The Revolution Will Not Be Televised, But It Will Be Found in the Poetry of Tongo Eisen Martin.

Olivia Monahan
SF Poet Laureate Tongo Eisen Martin sits in front of Cafe Boheme in the Mission DistrictVanessa Parrish

I remember the collective groans that used to come in my English class when it was time to read poetry. The epic length of Beowulf, the thees and thous of Shakespeare, the overly flowery prose of Walt Whitman. While it all holds a place in the annals of literary history, it never really inspired the reaction our English teachers wanted.

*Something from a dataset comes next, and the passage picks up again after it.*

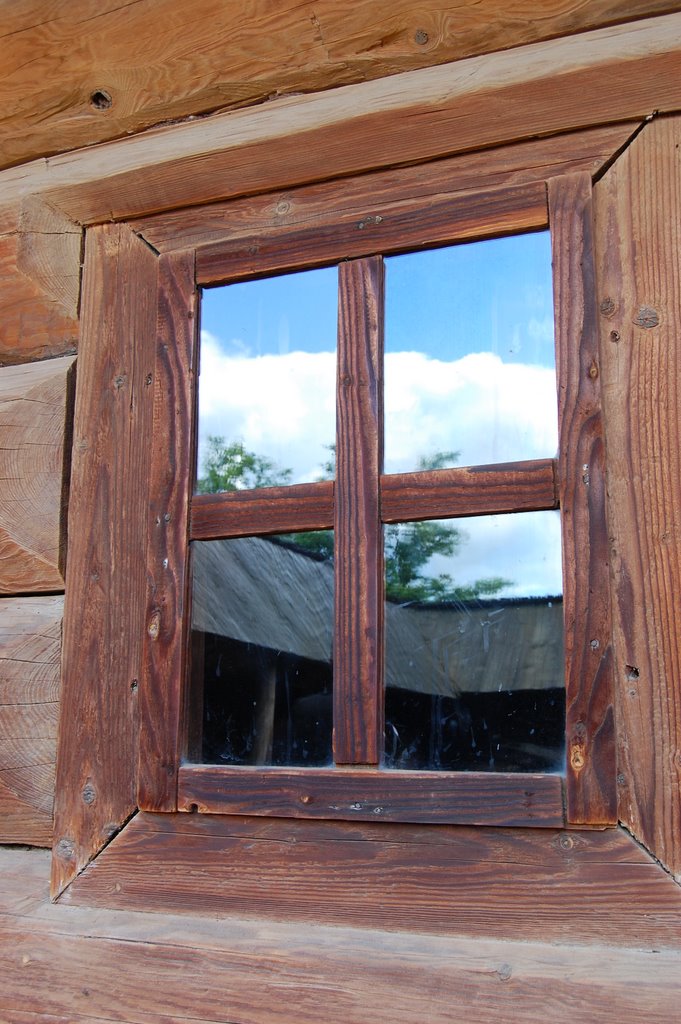 Window's in skansen by deresh_yuriy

The poetry we were taught in class has often been marginalized in our minds, watered-down notions of saccharine sweet soliloquy with roses of red and violets of blue. In a digital age where both spoken and written word is considered an antiquated art form relegated to the sidelines, it's a few and far between experience to find a poet that can grab your attention.

At least it felt that way until I heard Tongo Eisen-Martin.

The Columbia-educated, San Francisco-born writer ignites a fire in both artist and audience member with his unique delivery, poignant political statements broken down into powerfully jabbing sentences, and raw emotion that harkens back to the legends of poets past.

Poets that captured the hearts and minds of the masses with words stripped bare of pretense. Poetry that was considered the "lifeblood of rebellion, revolution and raising consciousness." The SF poet laureate is bringing all of that talent, passion, and energy to Sacramento tonight as he graces the stage of Brickhouse Art Gallery in Oak Park. Fresh on the heels of his recent book release Blood on the Fog, published by City Lights.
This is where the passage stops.